しかし、そんな作品がWOWOWでドラマ化されます。
報道の闇を切り取ったドラマ「セイレーンの懺悔」について紹介していきたいと思います。
目次
連続ドラマW「セイレーンの懺悔」のネタバレ一覧
ここから、記事を全て読んでいただくのも嬉しい限りですが、記事が何分長いので、気になるところにジャンプ出来るように、それぞれのネタバレなどを項目ごとに用意しました!
気になる箇所をクリックしてみてくださいませ!
連続ドラマW「セイレーンの懺悔」の基本情報
2020年でデビュー10周年を迎えた作家・中山七里。
“どんでん返しの帝王”の異名を持ち、これまでに数々の作品が映像化されて来た中山七里の作品の中でも“ドラマ化不可能”と言われた作品が存在する。
それが、「セイレーンの懺悔」です。
テレビ局を舞台にしたこの小説は「報道」のタブーに切り込んだ衝撃作として、刊行当時から大きな話題を呼んでいた。
そんな本作が、満を持してWOWOWで連続ドラマ化されることが決定しました!
果たして、マスコミはセイレーン(ギリシャ神話に登場する半人半鳥の妖精)のように国民を惑わし、人の不幸を娯楽にする怪物なのか?
報道の自由や意義について問われることが多い今だからこそ、WOWOWがその在り方に真っ向から切り込む衝撃の報道サスペンスドラマにご期待いただきたい。
【原作】
中山七里「セイレーンの懺悔」(小学館文庫)
【脚本】
篠﨑絵里子(「連続ドラマW 坂の途中の家」、「グッドワイフ」)
【監督】
中前勇児(「連続ドラマW トップリーグ」、「義母と娘のブルース」)
村上正典(WOWOW×東海テレビ共同製作連続ドラマ「ミラー・ツインズ」シリーズ、「連続ドラマW 真犯人」)
【音楽】
富貴晴美(「西郷どん」、『関ヶ原』)
【チーフプロデューサー】
青木泰憲
【プロデューサー】
高江洲義貴 浦井孝行 杉本明千世
連続ドラマW「セイレーンの懺悔」のキャスト
朝倉多香美 演:新木優子
報道番組の新人記者。あるつらい過去を抱え報道記者という職を選んだ。
番組が不祥事続きで窮地に立たされていながらも、誇りを持って仕事に取り組んでいた。
そんな中、女子高生誘拐殺人事件が発生。
事件を追う多香美は、番組の名誉挽回のためにスクープを狙いながら、自身の過去と向き合っていくことに・・・。
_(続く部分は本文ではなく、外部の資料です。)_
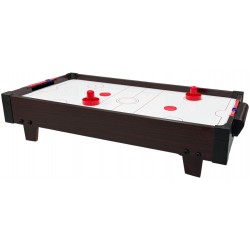 Air hockey επιτραπέζιο ξύλινο με μπαταρία 75x37x16cm ηλικία 5+ καφέ ΚΩΔ.16236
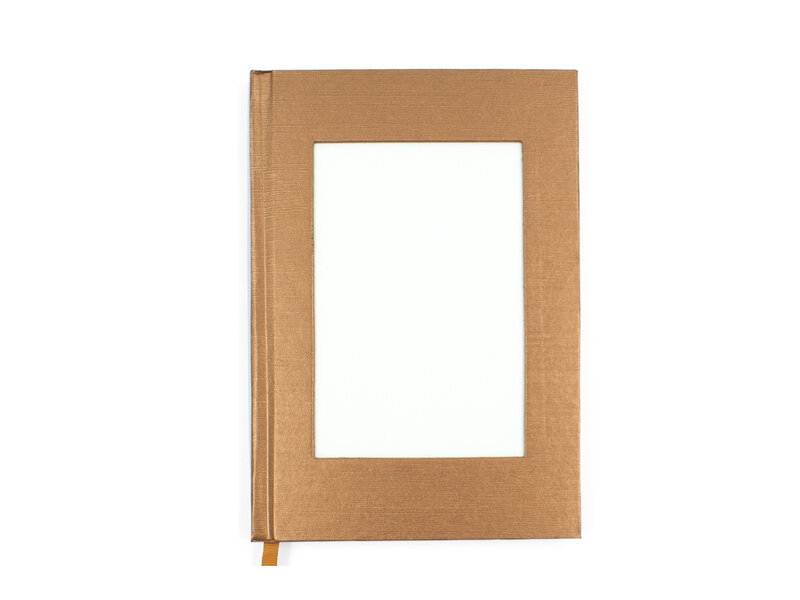 OR/CUIVRE Carnet de croquis avec insert pour carte postale, Portrait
そして、事件の真相が明らかになった時、報道記者としての在り方が問われる。
里谷太一 演:池内博之
帝都テレビの報道番組「アフタヌーンJAPAN」の報道記者で多香美の先輩。
三島奈那子 演:高梨臨
帝都テレビのライバル局であるジャパンテレビの報道記者。
東良伸弘 演:甲本雅裕
事件の被害者・東良綾香の父。
東良律子 演:濱田マリ
事件の被害者・東良綾香の母。
兵頭邦彦 演:池田成志
「アフタヌーンJAPAN」の編集長。
宮藤賢次 演:高嶋政伸
女子高生誘拐殺人事件を追う警視庁捜査一課の刑事。
連続ドラマW「セイレーンの懺悔」のあらすじ・ネタバレ
不祥事が続き、番組存続の危機にさらされた帝都テレビの看板報道番組「アフタヌーンJAPAN」。
その制作に携わる入社二年目の報道記者・朝倉多香美(新木優子)は、あるつらい過去を抱えながらも報道の仕事に誇りをもって取り組んでいた。
そんな中、都内で女子高生誘拐事件が発生。
先輩記者の里谷太一(池内博之)と多香美は、起死回生のためにスクープを狙って事件を追う。
警視庁捜査一課の刑事・宮藤賢次(高嶋政伸)を尾行した多香美が廃工場で目撃したのは、無惨にも顔を焼かれた被害者・東良綾香の遺体だった。
自身の過去と重なりこの事件を追っていた多香美だが、その執念が実を結び、犯人に繋がる大きなスクープをものにする。
しかし、このスクープが原因となり、ある事件が起きてしまう・・・。
果たして、事件の真犯人は誰なのか?
そして、報道記者としての “正義”とは?
連続ドラマW「セイレーンの懺悔」1話のあらすじ・ネタバレ
帝都テレビの看板報道番組の報道記者・朝倉多香美(新木優子)は、あるつらい過去を抱えながらも仕事に誇りをもって取り組んでいた。
そんな中、女子高生誘拐事件が発生。
先輩記者・里谷太一(池内博之)と多香美は、スクープを狙い警視庁捜査一課の刑事・宮藤賢次(高嶋政伸)を尾行。
無残にも顔を焼かれた被害者の遺体を目撃する。
やがて多香美は犯人につながる大きなスクープをものにするのだが、これが原因である事件が起きる。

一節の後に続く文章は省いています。